* [What you need to do]
In the listing below, repeat exactly every line from the first through the line containing "mommo design: DREAMY ATTIC ROOMS", with nothing else.

* [Given records]

____________________

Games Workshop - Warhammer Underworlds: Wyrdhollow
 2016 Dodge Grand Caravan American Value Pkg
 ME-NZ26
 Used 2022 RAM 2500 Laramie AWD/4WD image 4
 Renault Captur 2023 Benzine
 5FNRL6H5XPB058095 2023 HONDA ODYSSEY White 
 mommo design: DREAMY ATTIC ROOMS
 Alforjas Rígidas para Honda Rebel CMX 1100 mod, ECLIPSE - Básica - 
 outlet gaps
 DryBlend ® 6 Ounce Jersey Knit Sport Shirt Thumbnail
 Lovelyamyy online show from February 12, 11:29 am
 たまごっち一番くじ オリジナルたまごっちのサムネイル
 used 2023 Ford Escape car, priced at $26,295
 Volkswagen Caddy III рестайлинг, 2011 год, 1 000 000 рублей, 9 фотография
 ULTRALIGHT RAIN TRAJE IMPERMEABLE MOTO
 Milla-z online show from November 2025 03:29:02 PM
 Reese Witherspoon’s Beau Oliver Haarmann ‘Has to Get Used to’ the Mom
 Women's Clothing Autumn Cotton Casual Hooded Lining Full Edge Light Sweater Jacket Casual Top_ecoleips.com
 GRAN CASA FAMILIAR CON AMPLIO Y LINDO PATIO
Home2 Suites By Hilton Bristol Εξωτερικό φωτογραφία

____________________

* [Your solution]
Games Workshop - Warhammer Underworlds: Wyrdhollow
 2016 Dodge Grand Caravan American Value Pkg
 ME-NZ26
 Used 2022 RAM 2500 Laramie AWD/4WD image 4
 Renault Captur 2023 Benzine
 5FNRL6H5XPB058095 2023 HONDA ODYSSEY White 
 mommo design: DREAMY ATTIC ROOMS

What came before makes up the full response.